More of the same is not acceptable
This is not the first attempt of the Commission at a long-term climate strategy. The previous Commission put forward a similar document back in 2011 but the experience was not successful in all respects.
Looking back at the roadmap, technology developments have overtaken the assumptions. The capital cost of renewable energy has fallen much more steeply than original forecast, with costs of solar and wind already falling below the levels projected for 2050.
In itself, it is not a problem. Roadmaps do not have to be right to be useful. But the roadmap failed at remaining relevant. While it clearly inspired the 2020 framework, it was not even mentioned in the “Clean Energy Package” discussions that are currently taking place.
The influence of the previous roadmap quickly faded out because the document had no clear process to be updated: it is only 7 years later, and almost 1,000 days since the Paris Agreement, that the Commission is putting long-term planning back on the agenda. The Commission should also clarify the reach of the document. It is for instance expected that the document will look at back-casting the long-term climate ambition into the shorter-term climate and energy targets.
More favourable politics?
Mishandling the process and overlooking the politics will lead to frustration and blockage.
The 2011 roadmap for instance was never formally endorsed by the European Council because of the lack of unanimity. The plan still certainly had an impact but its interpretation might have been more conservative than if broadly supported. The Commission has, for instance, taken as granted an implicit 2050 target of 80% greenhouse gas cuts while the range available for developed nations was 80 to 95%.
This climate strategy is probably off to a better start.

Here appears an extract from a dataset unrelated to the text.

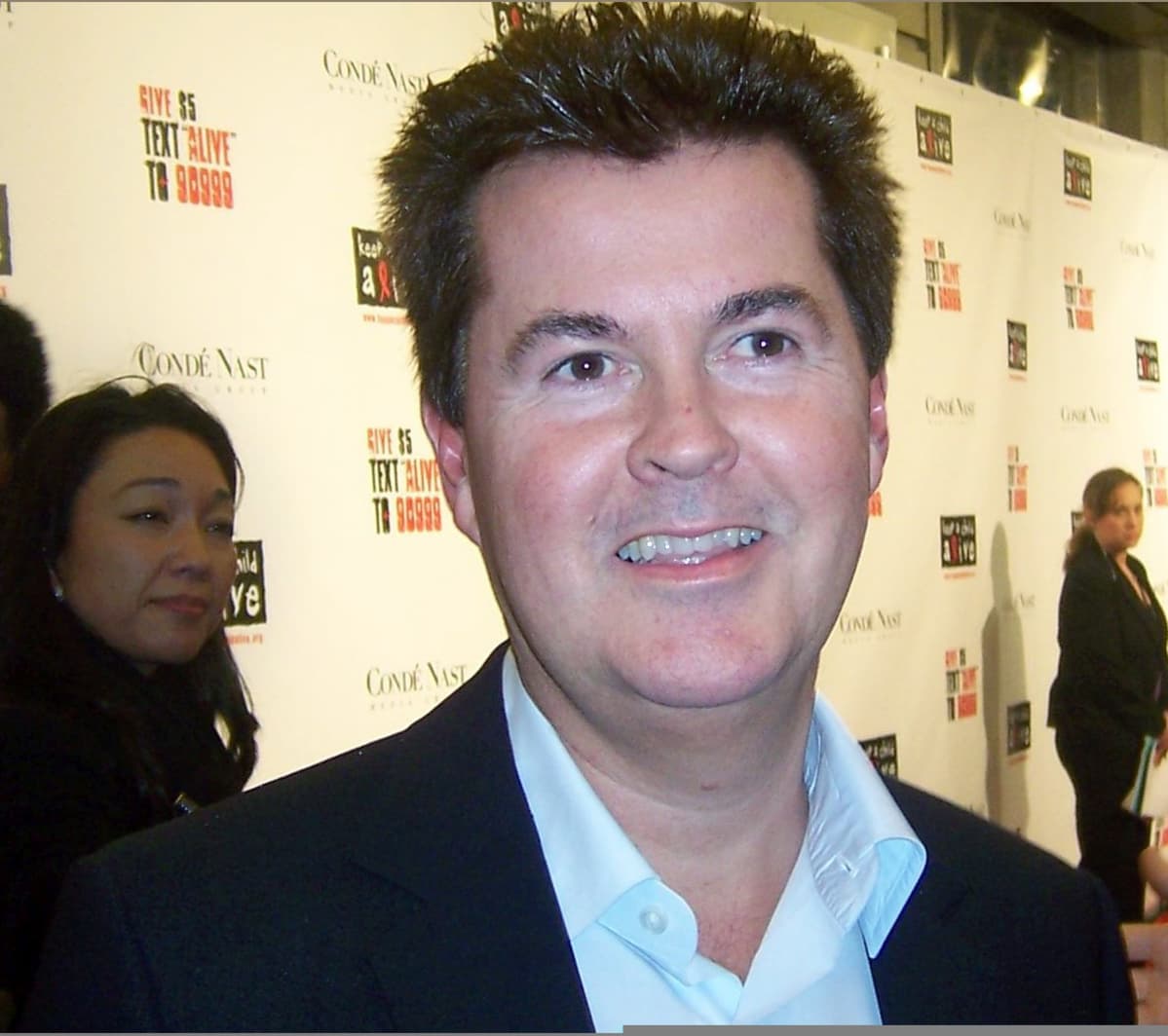 Simon Fuller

Heads of States and Governments unanimously called for this new strategy. The mandate of the European Council was further refined during the negotiations on the regulation on Energy Union Governance for which a deal was unanimously backed by European Ambassadors at the end of June 2018. Around the same period, 14 governments wrote to the Commission to request several pathways towards carbon neutrality and at least one pathway to reach net 0 GHG by 2050. The European Parliament has adopted a similar approach and has called for an objective of net 0 emissions by 2050 at the latest while recently voting in favour of the need to develop by the end of 2018 an “ambitious and coordinated long-term net-zero carbon strategy for 2050.

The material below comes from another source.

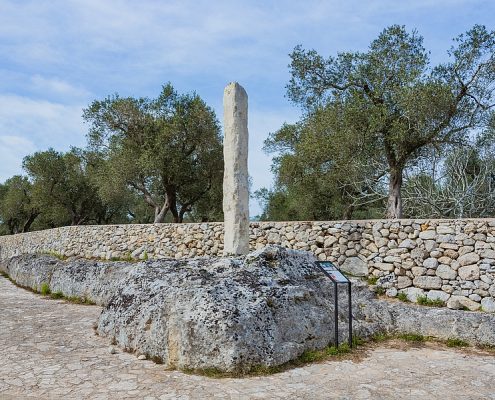 Giurdignano tra dolmen e menhir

A climate strategy is a yardstick
Long-term strategies are valuable tools for policy-makers and private stakeholders because they set a policy destination, identify one or several pathways to reach that objective and determine interim milestones. Strategies are yardsticks and help identify shorter-term key decisions that must be taken to reach the overall goal.
Climate strategies in particular will usually set a greenhouse gas reduction target and identify potential decarbonisation pathway(s), key technologies and policies.

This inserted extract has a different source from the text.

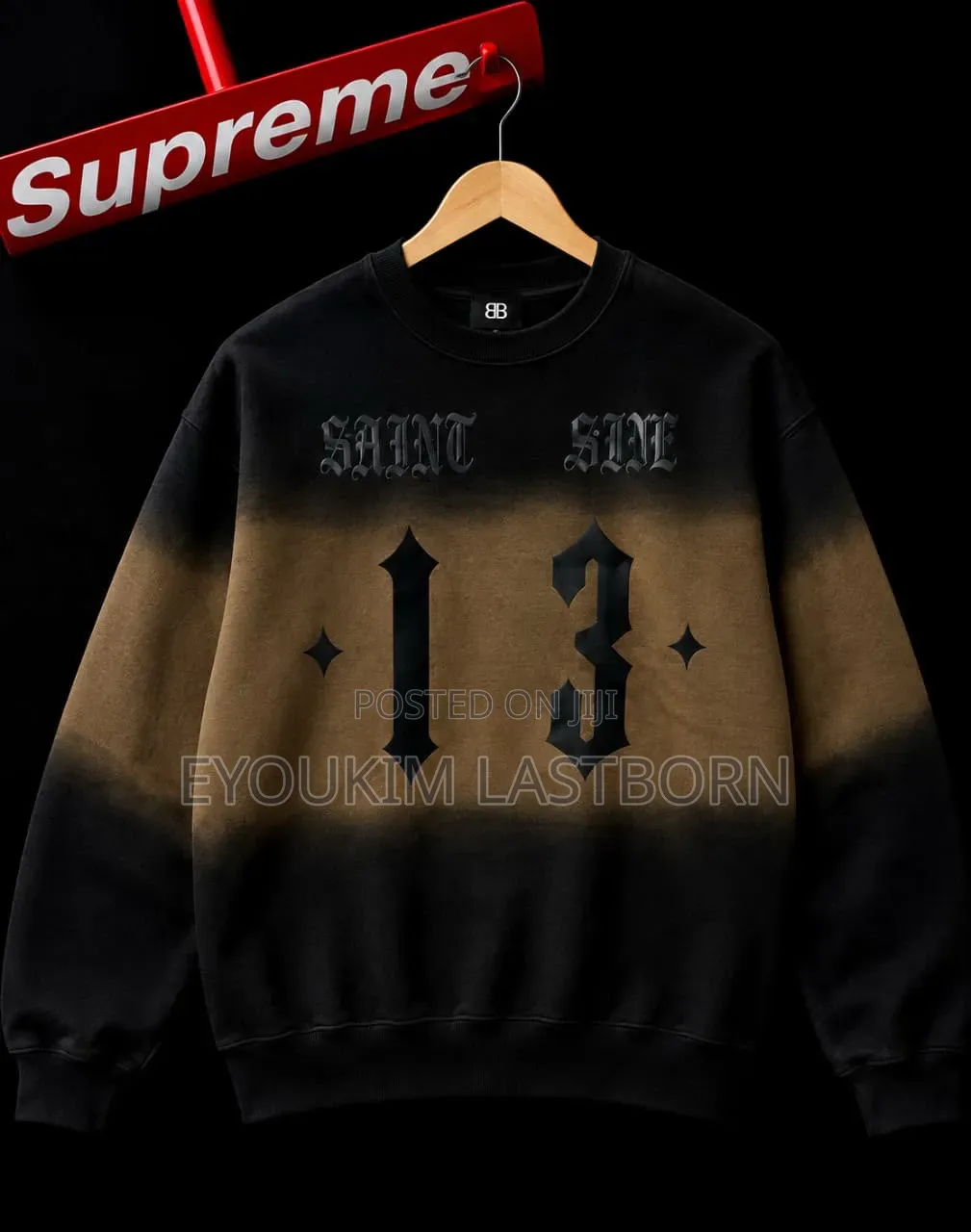 Luxury Sweatshirt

Governments’ long-term strategies inform private sector decisions. In order to take an informed decision on the market potential and return on investments in the long run, businesses and investors need clarity about policy objectives in the long run. Robust long-term strategies will also usually lead to a more stable regulatory environment that will prevent detrimental policy U-turn.
Politically, climate strategies are crucial in the Paris Agreement’s toolbox. Current greenhouse gas reduction pledges are not sufficient to limit global warming well below 2°C, aiming at 1.5°C. Consequently, parties agreed to re-convene every five years to negotiate upgraded ambition. Long-term strategies compatible with the agreed temperature goals will expose the need for early actions required to keep us on a path compatible with the Paris Agreement.